Volume of solid and fluid force

[relskid]

Homework Statement

find the volume of the solid generated by rotating the circle (x-10)^2 + y^2 = 36 about the y-axis

Homework Equations

disk method: $$\pi\int [R(x)]^2dx$$

shell method: $$2\pi\int (x)(f(x))dx$$

The Attempt at a Solution

$$y = \sqrt{36-(x-10)^2}dx[\tex] \\\pi\int [(\sqrt{36-(x-10)^2})]^2dx$$

$$\pi\int (36-(x-10)^2)dx$$

$$\pi\int (36-(x^2-20x-100))dx$$

$$\pi\int (-x^2+20x-64)dx$$

$$\pi [(\frac{-x^3}{3}+10x^2-64x)]$$

ok, as you may have noticed, the integral isn't definite. that's because i don't know whether it should be from 4 to 16, or -6 to 6. also, if i did the entire problem wrong, that'd be nice to know, too. :P


next problem:

Homework Statement

a cylindrical gasoline tank is placed so that the axis of the cylinder is horizontal. find the fluid force on a circular end of the tank if the tank is half full, assuming that the diameter is 2 feet and the gasoline weighs 42 pounds per cubic foot.

Homework Equations

$$F =\int (p)(h(y))(L(y))dy$$

p=rho (density)

The Attempt at a Solution

$$x^2 + y^2 = 2^2$$

$$x^2 = 4 - y^2$$

$$x = \sqrt{4 - y^2}$$

note: integration from -1 to 0

$$42\int(-y)\sqrt{4 - y^2}dy$$

after that, i don't really know what to do. this is the part that I'm especially not sure about:

$$-42\int(y)\sqrt{4 - y^2}dy$$

$$u=4-y^2$$

$$du=-2ydy$$

$$-\frac{1}{2}du=ydy$$

$$-42(-\frac{1}{2})\int\sqrt{u}du$$

$$21\int\sqrt{u}du$$

$$21[\frac{u^\frac{3}{2}}{3/2})]$$

??

 

[mighty2000]

Thank you for posting your questions. I will do my best to help you find the solutions you are looking for.

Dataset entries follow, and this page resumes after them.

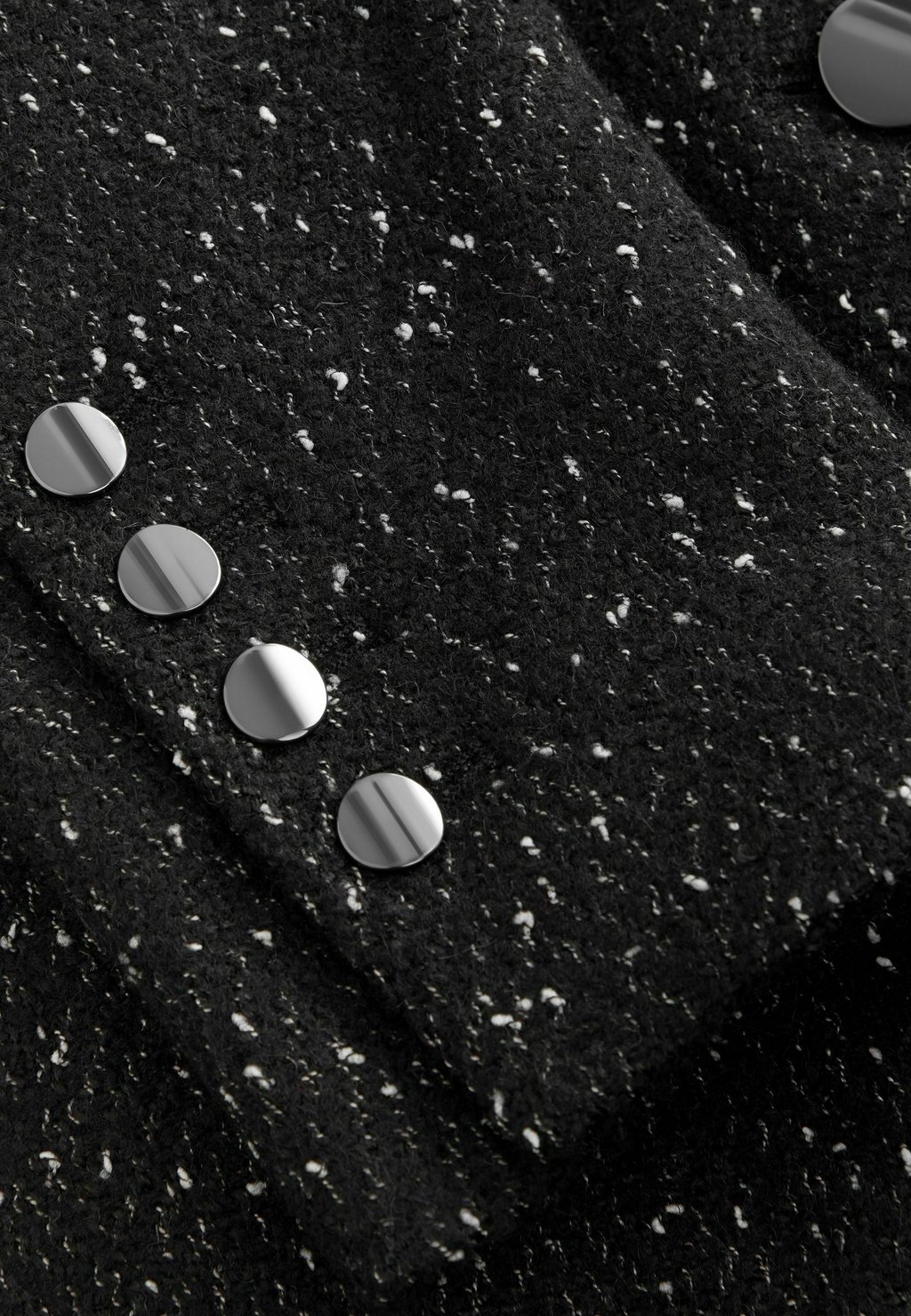 

Классическое пальто TEXTURED REVERE COLLAR REGULAR FIT Next, черный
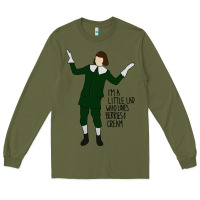 Army Green berries and cream Long Sleeve Tee - artisFamous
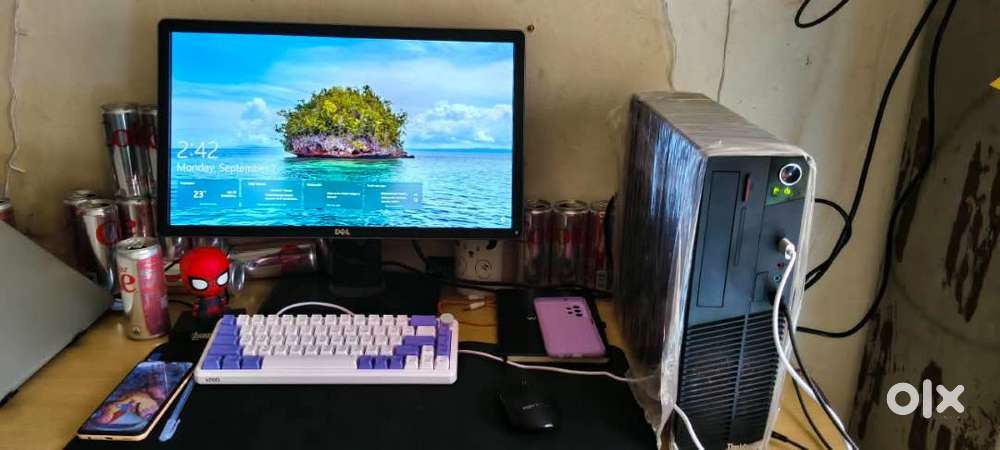 Desktop PC Setup with Dell Monitor &ndash; Keyboard & Mouse Included
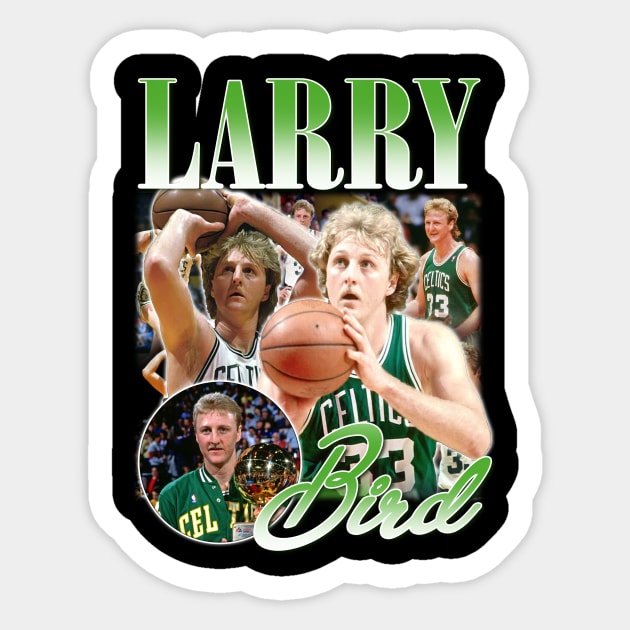 VINTAGE BOOTLEG LARRY BIRD 90S Sticker by Archer Expressionism Style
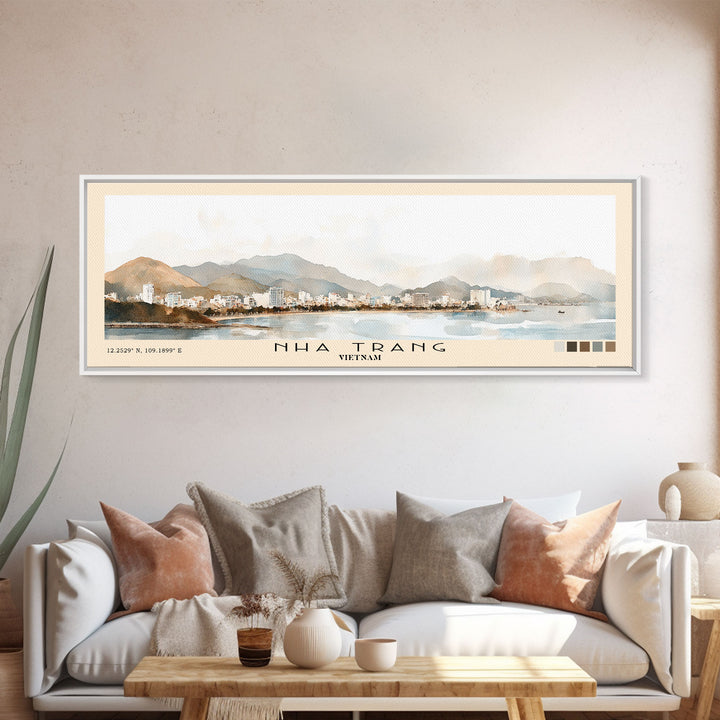 Nha Trang, Vietnam Watercolor Print, Vacation Gift, Vietnam Wall Art, Vacation Wall Art, Vacatation Memories, Beach Decor, Beach Or Lakehouse Art
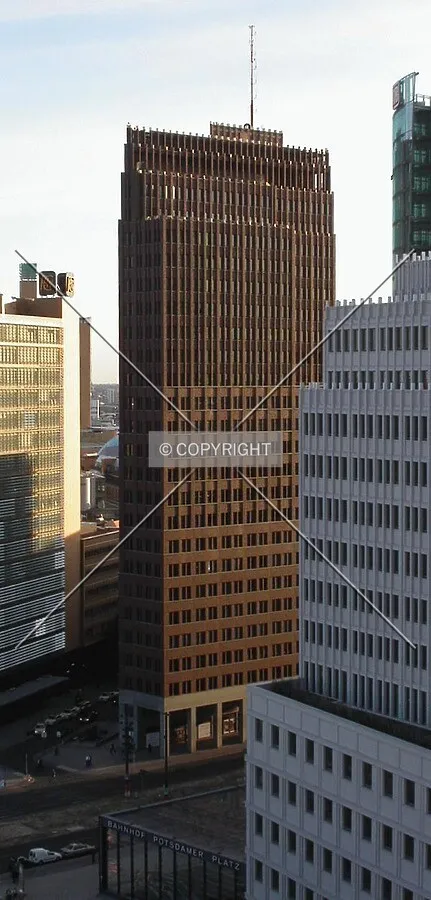 View of the tower from a nearby building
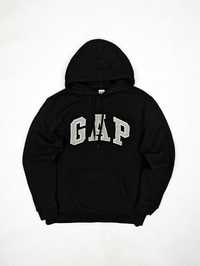 Gap czarna bluza z kapturem M logo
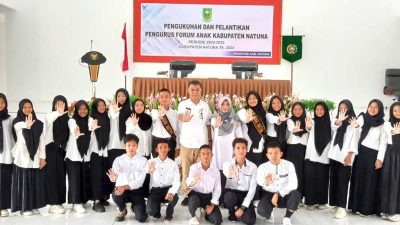 Lantik Pengurus Forum Anak Periode 2024-2025, Bupati Natuna Sampaikan Beberapa Pesan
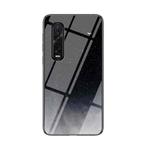 For OPPO Find X2 Pro Starry Sky Painted Tempered Glass TPU Shockproof Protective Case(Star Crescent Moon)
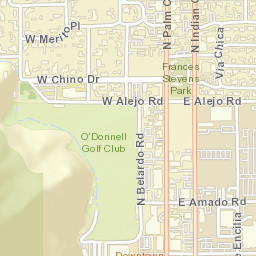 Palm Springs California Street Map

For the first problem, you are on the right track but there are a few errors in your setup. First, in order to use the disk or shell method, you need to have the equation in terms of x or y. In this case, it would be easier to use y as the variable and rewrite the equation as y = sqrt(36 - (x-10)^2). This will make it easier to integrate. Also, when you square the function, you should get (36 - (x-10)^2), not (36 - (x-10)^2)^2. And finally, when you integrate, you need to use the correct limits of integration, which in this case would be from 4 to 16. So the correct setup would look like this:

V = pi * \int_4^16 (36 - (x-10)^2) dx

To solve this integral, you can expand the squared term and then use the power rule to integrate.

For the second problem, your setup is correct but there are a few errors in your integration. First, when you substitute u = 4-y^2, the limits of integration should also change. Since the original limits were from -1 to 0, the new limits would be from 4 to 1. Also, when you integrate, you should get 21 * (u^(3/2) / (3/2)), not (u^(3/2) / (3/2)). And finally, don't forget to substitute back in for u and use the correct limits of integration to get your final answer.

I hope this helps you solve these problems. Let me know if you have any other questions or if you need further clarification. Good luck with your studies!